DNR management actions are in response to these changes. We care about the Great Lakes and will respond to changes as they occur.”
One of those reactions is the drastic reduction of salmon stocking in Lake Michigan in recent years in response to a declining prey (alewife) base.
“In the past, our focus has been on the open-water fishery – salmon, alewives, etc.,” Claramunt said. “Our focus now has to be near shore in response to changes in the lake.
“We’re not ignoring or minimizing the open-water fishery. That’s still very important to us. We’re just adapting to the changes near shore.”
Claramunt said these changes aren’t all necessarily bad. Round gobies, for example, now provide an important food source for just about every game fish species in the lake except salmon. Yellow perch, he said, seem to be adapting rather well to the changing dynamics, and he believes perch numbers will start to improve somewhat over the next five years.
“Probably not to the 1970s levels, but I think we will start to see improvements,” he said.
Smallmouth bass is another species that seems to have adapted well to the changing dynamics of the lake.
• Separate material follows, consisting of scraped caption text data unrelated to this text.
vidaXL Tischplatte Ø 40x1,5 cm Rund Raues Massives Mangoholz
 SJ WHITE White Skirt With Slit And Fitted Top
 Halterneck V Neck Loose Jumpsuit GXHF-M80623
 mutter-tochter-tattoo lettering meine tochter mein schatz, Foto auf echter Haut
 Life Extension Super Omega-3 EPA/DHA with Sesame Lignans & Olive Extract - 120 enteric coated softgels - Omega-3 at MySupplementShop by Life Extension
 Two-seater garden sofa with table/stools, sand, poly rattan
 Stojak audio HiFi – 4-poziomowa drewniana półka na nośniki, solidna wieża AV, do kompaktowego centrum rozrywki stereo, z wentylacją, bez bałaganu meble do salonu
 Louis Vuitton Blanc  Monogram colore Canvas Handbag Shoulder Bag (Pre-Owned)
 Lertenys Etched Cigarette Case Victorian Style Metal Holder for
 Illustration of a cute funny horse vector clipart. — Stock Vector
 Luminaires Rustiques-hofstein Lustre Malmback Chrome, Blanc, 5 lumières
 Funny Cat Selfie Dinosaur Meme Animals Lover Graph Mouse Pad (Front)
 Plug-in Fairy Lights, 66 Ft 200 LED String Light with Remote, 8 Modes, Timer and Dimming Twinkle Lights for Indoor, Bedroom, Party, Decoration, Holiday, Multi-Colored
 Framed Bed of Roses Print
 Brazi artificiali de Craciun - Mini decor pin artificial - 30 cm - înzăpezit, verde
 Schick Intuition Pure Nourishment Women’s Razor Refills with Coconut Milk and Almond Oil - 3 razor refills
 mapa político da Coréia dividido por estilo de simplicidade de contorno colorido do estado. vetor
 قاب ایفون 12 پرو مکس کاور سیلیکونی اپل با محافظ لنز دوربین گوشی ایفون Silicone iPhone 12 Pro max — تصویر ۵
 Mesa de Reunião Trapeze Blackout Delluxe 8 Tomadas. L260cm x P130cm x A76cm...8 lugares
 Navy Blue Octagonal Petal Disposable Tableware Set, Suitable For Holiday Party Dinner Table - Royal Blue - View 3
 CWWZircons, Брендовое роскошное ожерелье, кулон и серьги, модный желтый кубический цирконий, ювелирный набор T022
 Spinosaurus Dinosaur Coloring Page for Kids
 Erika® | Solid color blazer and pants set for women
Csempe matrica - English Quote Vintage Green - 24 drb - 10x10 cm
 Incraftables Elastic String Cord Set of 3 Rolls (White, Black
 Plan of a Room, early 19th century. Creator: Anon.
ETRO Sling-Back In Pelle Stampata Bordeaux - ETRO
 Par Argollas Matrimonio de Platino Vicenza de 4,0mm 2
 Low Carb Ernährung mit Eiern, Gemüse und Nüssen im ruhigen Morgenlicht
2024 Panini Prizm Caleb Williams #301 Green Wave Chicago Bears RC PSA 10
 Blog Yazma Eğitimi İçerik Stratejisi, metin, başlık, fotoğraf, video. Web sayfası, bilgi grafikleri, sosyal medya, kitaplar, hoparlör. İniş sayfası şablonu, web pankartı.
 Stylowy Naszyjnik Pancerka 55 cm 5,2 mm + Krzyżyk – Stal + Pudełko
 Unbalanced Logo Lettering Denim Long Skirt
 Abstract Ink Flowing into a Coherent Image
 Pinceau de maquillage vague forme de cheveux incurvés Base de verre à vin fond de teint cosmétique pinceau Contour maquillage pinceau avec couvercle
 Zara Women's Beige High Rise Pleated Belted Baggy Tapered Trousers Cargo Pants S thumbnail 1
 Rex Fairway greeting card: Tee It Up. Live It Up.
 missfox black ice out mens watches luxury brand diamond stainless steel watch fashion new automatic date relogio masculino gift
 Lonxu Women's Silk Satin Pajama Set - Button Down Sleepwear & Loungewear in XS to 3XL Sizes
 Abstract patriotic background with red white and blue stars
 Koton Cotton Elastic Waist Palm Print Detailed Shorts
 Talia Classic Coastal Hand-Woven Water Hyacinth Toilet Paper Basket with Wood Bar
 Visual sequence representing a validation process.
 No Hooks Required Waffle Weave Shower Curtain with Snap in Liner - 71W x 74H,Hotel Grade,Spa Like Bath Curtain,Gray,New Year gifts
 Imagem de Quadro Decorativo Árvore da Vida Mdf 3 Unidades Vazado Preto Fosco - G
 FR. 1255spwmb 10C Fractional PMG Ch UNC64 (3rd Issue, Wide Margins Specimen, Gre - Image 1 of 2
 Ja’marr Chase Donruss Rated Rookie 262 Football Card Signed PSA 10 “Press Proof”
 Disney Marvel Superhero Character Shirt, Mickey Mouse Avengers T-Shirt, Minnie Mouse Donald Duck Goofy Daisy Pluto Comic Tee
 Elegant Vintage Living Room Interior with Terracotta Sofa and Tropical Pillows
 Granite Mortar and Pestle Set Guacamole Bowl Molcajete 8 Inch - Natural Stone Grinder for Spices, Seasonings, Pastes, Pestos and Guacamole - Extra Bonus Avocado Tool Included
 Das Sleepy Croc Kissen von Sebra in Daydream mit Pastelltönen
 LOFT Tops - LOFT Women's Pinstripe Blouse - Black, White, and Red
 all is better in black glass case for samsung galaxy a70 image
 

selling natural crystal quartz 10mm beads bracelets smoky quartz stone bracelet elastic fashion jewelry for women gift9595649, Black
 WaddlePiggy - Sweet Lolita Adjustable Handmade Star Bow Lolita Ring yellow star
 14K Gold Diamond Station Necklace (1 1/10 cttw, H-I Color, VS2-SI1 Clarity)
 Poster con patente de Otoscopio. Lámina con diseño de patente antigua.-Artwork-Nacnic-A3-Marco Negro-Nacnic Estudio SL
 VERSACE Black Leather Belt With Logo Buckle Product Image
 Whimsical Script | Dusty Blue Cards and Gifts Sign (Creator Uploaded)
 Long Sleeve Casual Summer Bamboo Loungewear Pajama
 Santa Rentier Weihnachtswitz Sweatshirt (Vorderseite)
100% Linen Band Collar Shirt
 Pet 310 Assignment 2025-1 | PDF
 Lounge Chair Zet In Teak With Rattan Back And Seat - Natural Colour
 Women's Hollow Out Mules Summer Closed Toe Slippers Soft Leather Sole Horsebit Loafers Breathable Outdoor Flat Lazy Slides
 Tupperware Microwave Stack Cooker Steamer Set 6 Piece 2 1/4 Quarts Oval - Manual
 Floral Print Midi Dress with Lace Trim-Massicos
Smallie fishing has improved so much that national professional tournaments recently have been held on Lake Michigan.
“That’s also a positive thing, and I expect that to continue,” Claramunt said.
Some of the management changes the DNR is now focusing on include restoration and enhancement of critical near-shore coastal habitat as well as taking a look at perch-, bass-, and walleye-fishing regulations and stocking strategies.
“We don’t have any concrete changes in mind yet, but we’re looking at everything,” Claramunt said. “How do we maximize fishing opportunities in response to the changes?
“Right now, we are most interested in improving our ability to identify these changes so we’ll know how to respond to them,” he said.